Das Ausmaß der Massaker lässt sich kaum überblicken. Die Situation im Südsudan wird immer unübersichtlicher. Eine britische Reporterin musste fliehen.

Ein südsudanesischer Soldat in Bor. Bild: reuters

BERLIN taz | Simon lebt derzeit in der UN-Basis in Südsudans Hauptstadt Juba. Die britische Journalistin Hannah McNeish, die für AFP und BBC berichtet, fand ihn dort auf einer Matratze, mit vier Schusswunden. „Simon“ ist ein Pseudonym, die wahre Identität des Mannes bleibt geschützt.

Er sei verhaftet worden, als die Regierung von Präsident Salva Kiir Anfang vergangener Woche begann, mutmaßliche Anhänger des ehemaligen Vizepräsidenten Riek Machar unter dem Vorwurf des Putschversuchs festzunehmen, erzählte Simon der Reporterin.

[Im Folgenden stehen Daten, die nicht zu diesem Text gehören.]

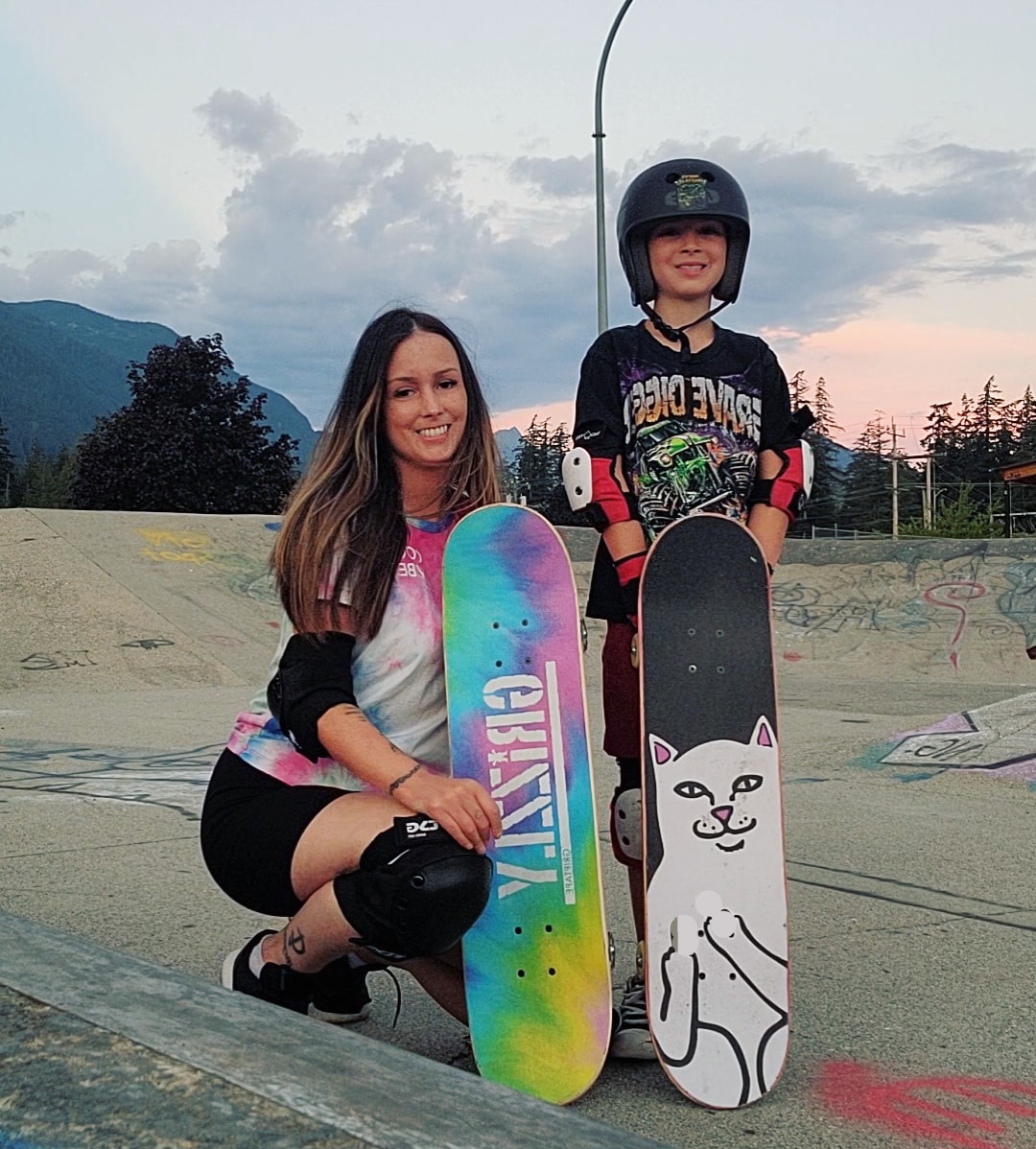 Sarah skateboarding with her son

Mit bis zu 250 anderen Männern habe man ihn in eine Polizeiwache gepfercht. Dann hätten die Regierungstruppen durch die Fenster hindurch das Feuer eröffnet. Nur zwölf hätten überlebt, darunter er, Simon.

Nachdem ein zweiter Überlebender diesen Ablauf bestätigte, suchte McNeish die fragliche Polizeiwache auf. Sie wurde „von Männern in Uniform und Zivil fortgeschickt“, schreibt sie. „Aber der Leichengeruch war überwältigend, alles war voller Fliegen, und die Mauern des Gebäudes waren mit Löchern übersät.“

Einer der Wachleute notierte sich ihr Autokennzeichen und begann zu telefonieren, woraufhin sie lieber wegfuhr. Als ein hoher Militär McNeish auch noch der „Aufhetzung zum Völkermord“ bezichtigte, ließ sie sich vom US-Militär evakuieren. „Ich wurde als Spionin beschimpft“, erzählt sie der taz am Telefon, „und Lügnerin genannt.“

Das mutmaßliche Massaker in Juba ist derzeit nicht verifizierbar. Die Überlebenden sagen, sie wurden verhaftet, weil sie zur Nuer-Volksgruppe von Exvizepräsident Riek Machar gehörten. Journalisten in Juba sagen, ganze Stadtteile, wo vor allem Nuer lebten, seien menschenleer. Hier und da seien Tote zu sehen. Und viele Geier.

Systematische Tötungen

Rund 500 Menschen, zumeist Nuer, sollen nach UN-Angaben in Juba getötet worden sein. Meuternde Nuer-Militärs wiederum haben seitdem mehrere Provinzstädte unter ihre Kontrolle gebracht und dort offenbar ebenso systematisch Dinka getötet, die der Ethnie des Präsidenten Salva Kiir angehören: erst in Bor, dann weiter nördlich in Bentiu und im derzeit umkämpften Malakal.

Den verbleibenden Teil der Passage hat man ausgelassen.